The second step leverages the trained APM to annotate additional collected data. This process is scalable and significantly faster than creating manually labeled data. The researchers also highlight that annotation with the APM can address some issues associated with crowd-sourced human-annotated data. This includes noise caused by annotators misinterpreting instructions, inadequate expertise in annotating responses, and limited language comprehension proficiency. “By employing an Attribute Prediction Model, it becomes possible to mitigate these issues by denoising the human-annotated attributes and calibrating scores across annotators,” the researchers explain.

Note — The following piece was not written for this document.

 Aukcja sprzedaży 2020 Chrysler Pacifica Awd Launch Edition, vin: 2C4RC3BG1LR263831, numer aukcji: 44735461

The third step, termed “Attribute-Conditioned SFT,” is an extension of regular SFT that incorporates reward signal information through attribute labels. The LLM is trained on offline examples annotated with the APM instead of the online sample gathering used in RLHF. “By utilizing a purely offline training approach, this greatly simplifies the training configuration compared to RLHF’s heterogenous setup,” the researchers write. This is where the model is conditioned on both the response and its attributes.

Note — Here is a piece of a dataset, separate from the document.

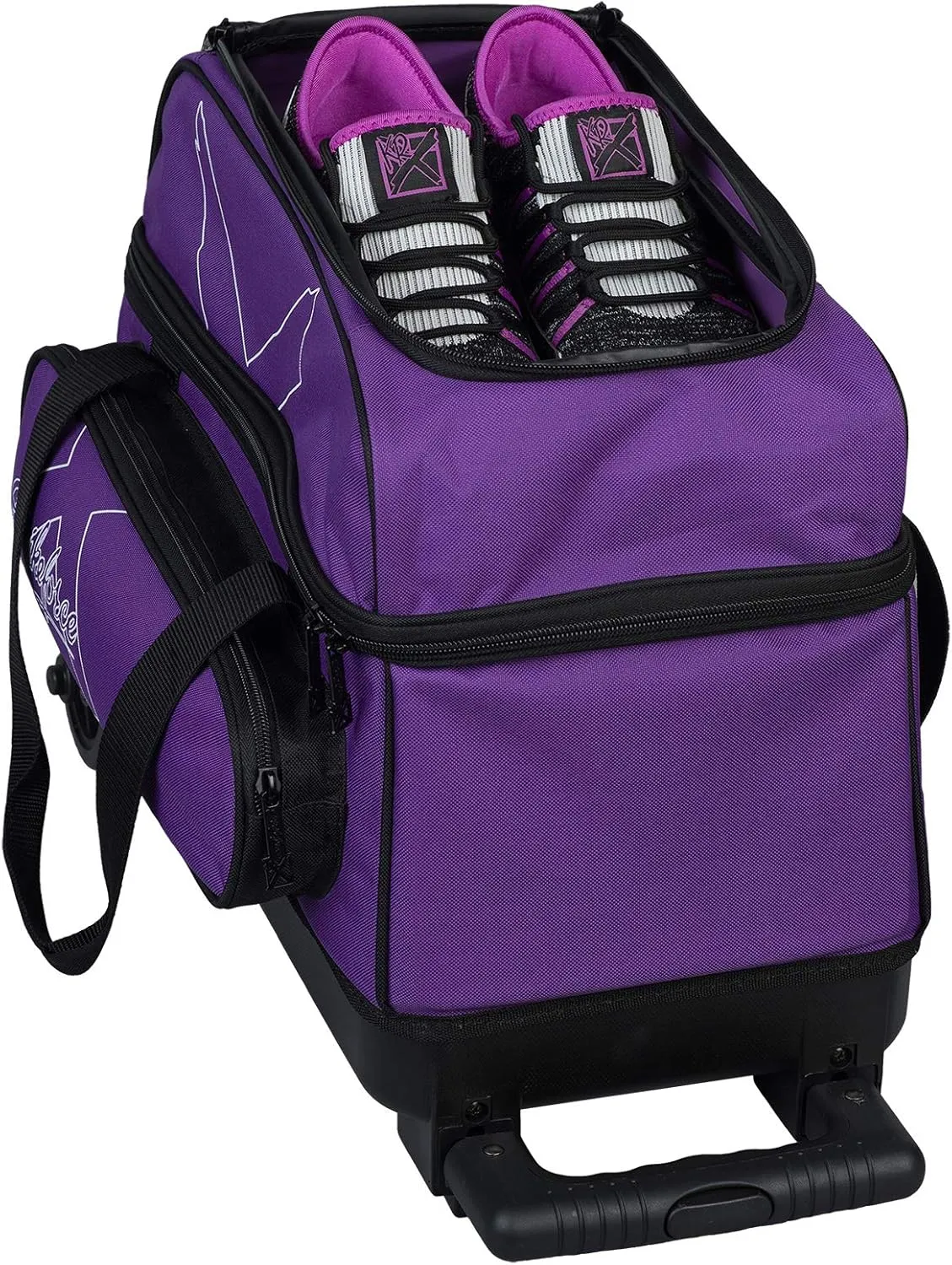 KR Strikeforce Hybrid X Double Roller Bowling Bag - Holds Two Balls, Shoes, Cleaners & Accessories - Multiple Colors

Following the SFT stage, SteerLM uses a two-step process that mirrors RLHF. Initially, it samples multiple responses from the fine-tuned model for each prompt by specifying maximum quality. Subsequently, it ranks these responses using the APM. Then it uses the feedback to conduct another round of Attribute-Conditioned SFT. This iterative process allows the model to continually refine its responses, aligning more closely with user preferences and instructions.
Why SteerLM is important?
SteerLM has several appealing characteristics that set it apart from the current. Beyond its high-quality output, it simplifies the traditionally complex RLHF pipeline that necessitates the coordination of a large workforce.
SteerLM uses examples extracted from open-source datasets, including the OpenAssistant dataset, the Helpful and Harmless – Reinforcement Learning from Human Feedback dataset, and the Model Self-Identification Dataset. Other researchers and organizations can use the source code, training recipe, and data to further expand the research. The trained 13-billion-parameter SteerLM model is also available on Hugging Face.
However, it’s important to note that the training process for SteerLM remains computationally expensive. The researchers report that to train the Attribution Prediction Model and the Attribute Conditioned Supervised Fine-Tuning model, they used a cluster of 128 A100-80GB GPUs, costing approximately $200 per hour.
Despite this, SteerLM represents a significant improvement over the previous costs associated with RLHF. We can expect other researchers to enhance the technique in the coming weeks and months.